您必须假设通过此技术获得的行号可能是错误的。话虽如此,我在自己的内核工作中经常使用这种技术,而且还没有遇到任何问题(敲木头)。请记住,如果您遇到一些毫无意义的事情,您可能会得到一个错误的行号。
Unfortunately, or fortunately depending on your perspective, with high levels of optimization it is possible for the compiler to create assembly code that the debug format cannot make a reasonable C code line to assembly instruction(s) mapping. What type of cases you can run into this problem depends on the compiler, optimization level, debug symbol format, debug symbol level, and the code itself.

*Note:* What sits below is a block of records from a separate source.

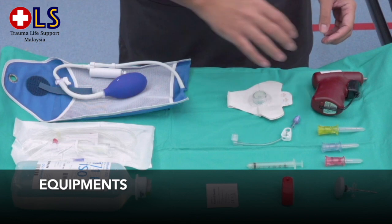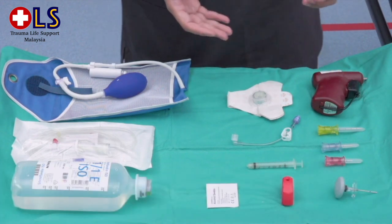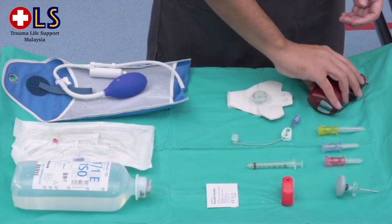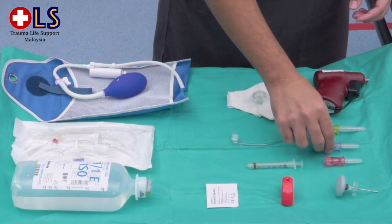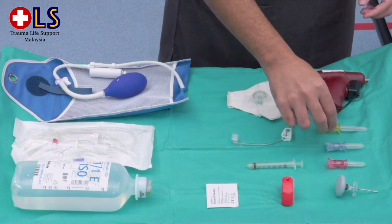Next, we will move to the equipment needed for this procedure. There are 2 types of needle sets: a manual or a semi-automatic such as this drill-based system. For this demonstration, we will be using the drill-based system, which has 3 different needle sizes. The needle size is determined by the weight and the need of the patient.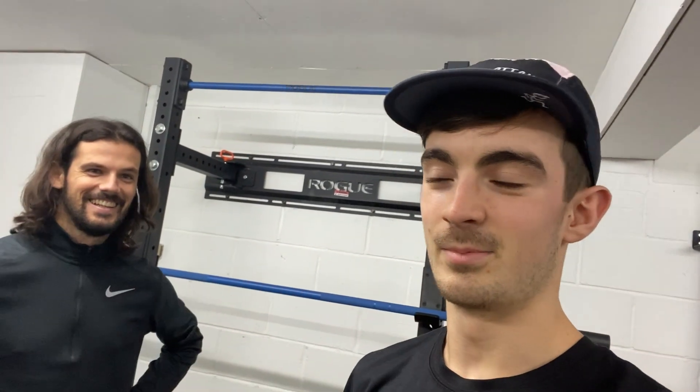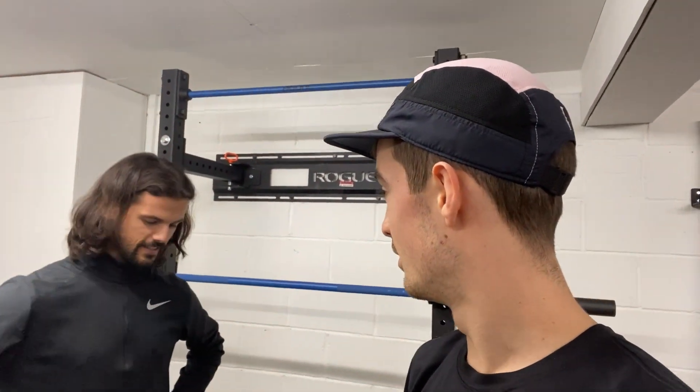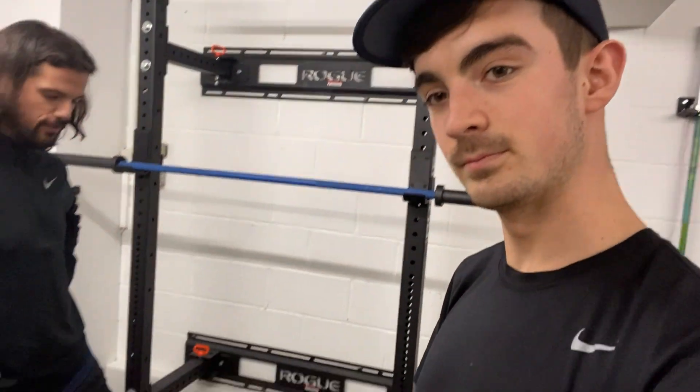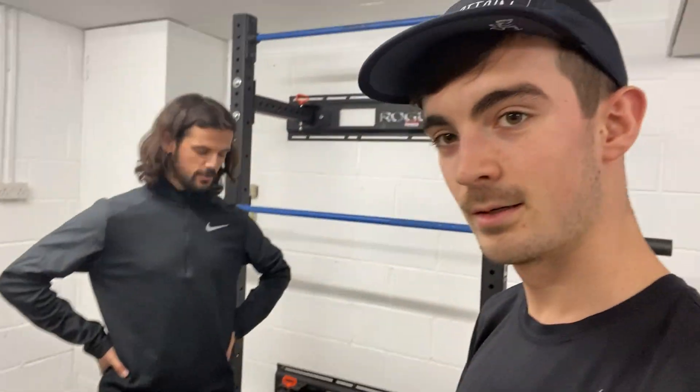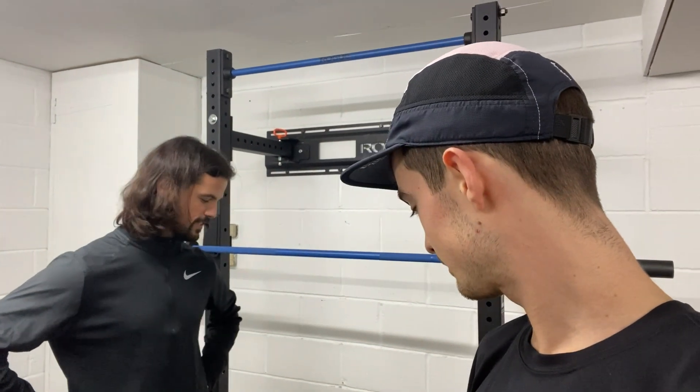Calf raises next. This is for calf strength but also developing balance and stability. We've added a little platform so there's a bit of depth to it as well. We're mixing different muscle groups as we go from one exercise to the next because we don't want to load you up too much, especially after what has been a very heavy week. Always listen to your coach.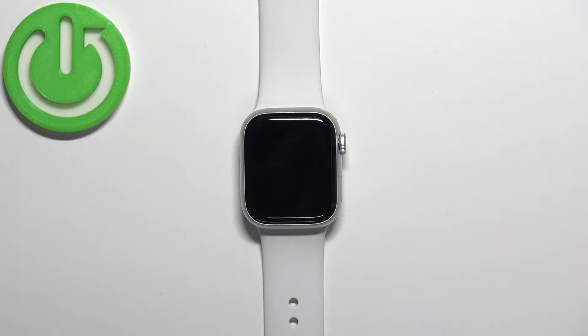Welcome! In front of me I have Apple Watch Series 8 and I'm going to show you how to check the serial number on this watch.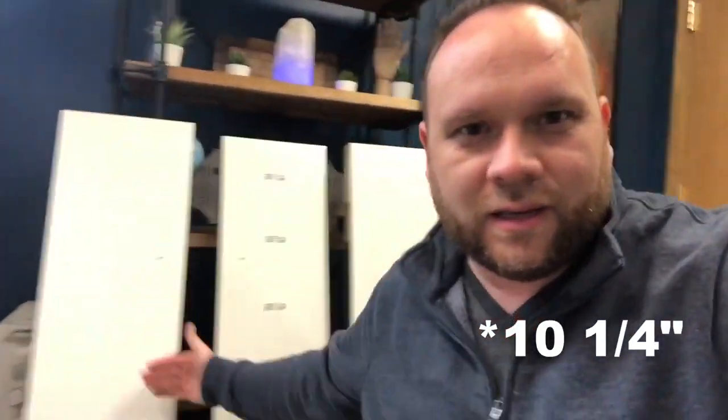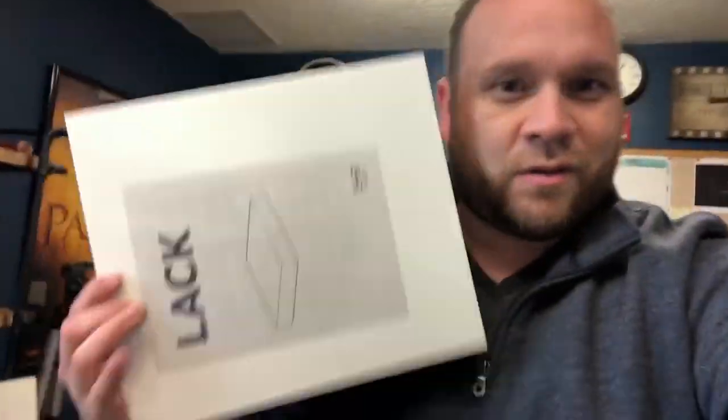I've got three IKEA shelves here. The LAC is the name of them. They're about 10 inches in depth and 43 inches in length. They offer them in different sizes. As a matter of fact I got another one right here — this is a real small one, a baby shelf. I'm gonna be hanging that somewhere else in our church here.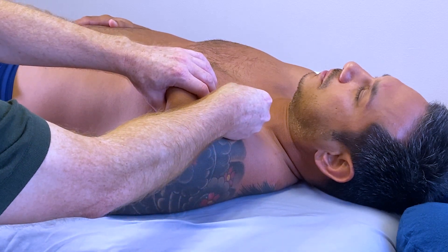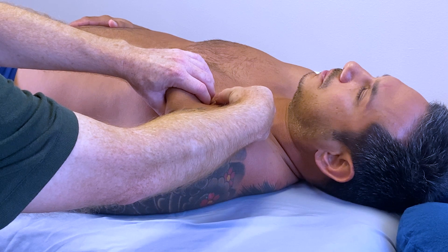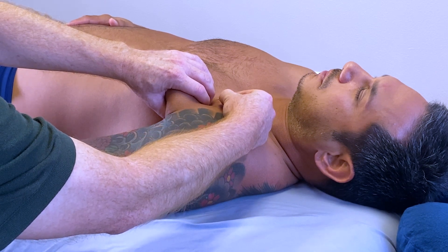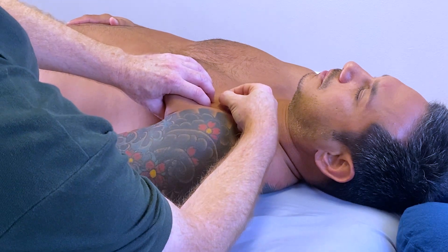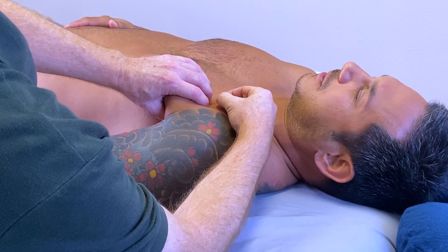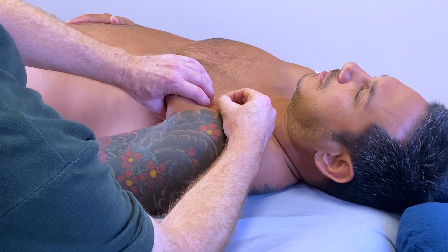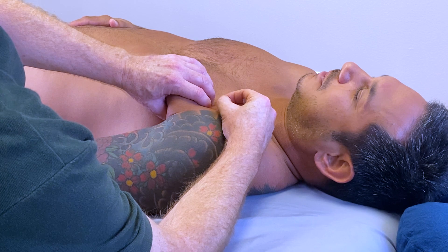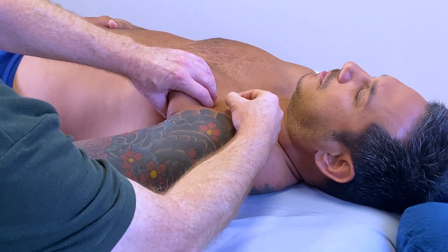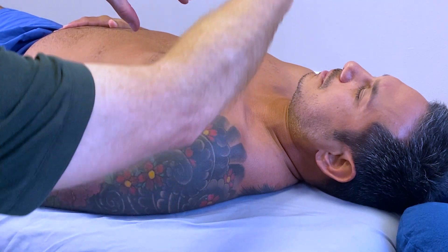Place the guide tube at an angle that allows the needle to penetrate the band, then advance the needle into the pec major, directed towards your thumb and with the needle parallel to the ribcage. You can redirect the needle, but keep it parallel to the ribcage until you get the needle response. The needle should always be directed parallel to the ribcage — never aim the needle towards the ribcage or downward towards the pleural cavity.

You have to assume that line numbers gained via this technique could be wrong. That being said, I use this technique frequently in my own kernel work and I have not had any problems yet (knocks on wood). Just remember that if you are faced with something that just makes no sense, you could have a bad line number.